A brief word of thanks to all who contributed to a great conference
experience. I remembered once again what it is that I originally found so
appealing about the Twain bunch!
I also invite anyone out there listening to describe whatever highlights
they took home with them from Elmira. This will benefit the folks who could
not make it. But it will also edify folks like me, insofar as it will allow
us to process so much information, and to remember a great time.

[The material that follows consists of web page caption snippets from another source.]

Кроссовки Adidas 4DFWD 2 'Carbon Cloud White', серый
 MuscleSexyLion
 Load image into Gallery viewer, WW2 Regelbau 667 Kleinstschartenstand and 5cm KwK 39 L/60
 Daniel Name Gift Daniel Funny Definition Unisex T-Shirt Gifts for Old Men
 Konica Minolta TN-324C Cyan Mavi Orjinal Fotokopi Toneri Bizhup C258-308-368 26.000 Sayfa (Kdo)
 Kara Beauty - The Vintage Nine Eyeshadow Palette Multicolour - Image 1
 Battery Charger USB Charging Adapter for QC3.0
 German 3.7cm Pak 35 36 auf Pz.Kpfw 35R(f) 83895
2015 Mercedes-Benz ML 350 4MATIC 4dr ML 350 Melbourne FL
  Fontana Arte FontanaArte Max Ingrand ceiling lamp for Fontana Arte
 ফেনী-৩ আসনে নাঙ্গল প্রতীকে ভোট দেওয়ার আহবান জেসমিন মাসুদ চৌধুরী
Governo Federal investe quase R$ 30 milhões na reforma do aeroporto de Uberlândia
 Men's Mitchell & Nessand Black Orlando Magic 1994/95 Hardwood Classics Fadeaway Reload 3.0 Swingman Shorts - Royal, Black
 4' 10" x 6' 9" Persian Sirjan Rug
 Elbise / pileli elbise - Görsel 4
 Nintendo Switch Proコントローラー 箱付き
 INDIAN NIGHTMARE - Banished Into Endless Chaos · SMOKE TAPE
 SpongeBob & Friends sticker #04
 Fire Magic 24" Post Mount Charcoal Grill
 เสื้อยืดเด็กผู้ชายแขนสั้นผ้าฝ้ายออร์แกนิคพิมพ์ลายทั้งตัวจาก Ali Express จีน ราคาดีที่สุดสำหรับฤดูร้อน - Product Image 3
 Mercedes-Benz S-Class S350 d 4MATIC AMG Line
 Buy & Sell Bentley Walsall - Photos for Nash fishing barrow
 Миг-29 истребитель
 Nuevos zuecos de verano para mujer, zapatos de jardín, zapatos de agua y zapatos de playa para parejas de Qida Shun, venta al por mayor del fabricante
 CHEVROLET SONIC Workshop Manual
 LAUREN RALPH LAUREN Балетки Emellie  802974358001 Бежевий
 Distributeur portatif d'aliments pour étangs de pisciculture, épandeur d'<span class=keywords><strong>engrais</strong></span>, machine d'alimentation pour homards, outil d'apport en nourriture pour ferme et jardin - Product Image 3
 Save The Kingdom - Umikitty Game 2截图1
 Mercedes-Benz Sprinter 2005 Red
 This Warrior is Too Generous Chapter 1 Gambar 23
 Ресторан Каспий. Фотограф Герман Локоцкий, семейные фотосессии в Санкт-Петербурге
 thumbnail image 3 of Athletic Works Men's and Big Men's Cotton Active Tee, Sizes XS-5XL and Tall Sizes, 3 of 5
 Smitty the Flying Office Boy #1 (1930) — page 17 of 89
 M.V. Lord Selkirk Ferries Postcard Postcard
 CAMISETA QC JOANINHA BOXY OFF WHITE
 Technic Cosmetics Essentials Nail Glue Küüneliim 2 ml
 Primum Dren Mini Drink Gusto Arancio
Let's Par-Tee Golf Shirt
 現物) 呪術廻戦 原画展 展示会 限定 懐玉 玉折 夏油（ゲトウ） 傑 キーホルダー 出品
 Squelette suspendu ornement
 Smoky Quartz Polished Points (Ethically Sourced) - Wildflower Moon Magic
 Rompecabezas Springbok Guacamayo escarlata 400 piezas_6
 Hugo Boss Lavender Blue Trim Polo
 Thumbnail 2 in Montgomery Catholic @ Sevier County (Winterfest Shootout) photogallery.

By way of example, here are a few things that really struck me:
1. I was inspired by the several awards to people for long and diligent
service. I am always encouraged by that sort of thing--meaning, it gives me
great courage to see people honored. In particular, as a visual image, I
was moved by Tom Tenney's difficult struggle to the stage to receive his
award. That struggle, brought about by some physical difficulties, moved me
quite a lot--it seemed to capture what struggles we all must deal with as we
"climb the stairs." As Langston Hughes once wrote, life ain't been no
crystal stair (or something like that). Congratulations to Tom and the
2. It was a great joy seeing, and talking to, so many internationals. In
particular, there must have been at least 10-15 folks from east Asia, mostly
from Japan but several from Korea and China. Bravo to them for the long
trip, and maybe we should take a moment to think a little more deeply about
how we can disseminate some of their ideas about Twain to the largely
American and British scholarly community. Related to that was the ending
panel, in which several people mentioned this desire for connectedness and
for a better understanding of different cultural responses as a future
direction in Twain studies.
3. If you were not there, you should look forward like I am to the release
next year of the Mark Twain Project's electronic database/website. It is an
unbelievably huge undertaking and will be free for at least the first few
years (they promised this in front of many witnesses!). I am sure we will
hear much more about it in a year or so.
4. Finally, it just seemed more fun and relaxed at the Elmira conference
than anywhere else. Can you imagine John Bird plucking his mandolin and
singing some old song outside a lecture hall at the MLA? No, in thunder!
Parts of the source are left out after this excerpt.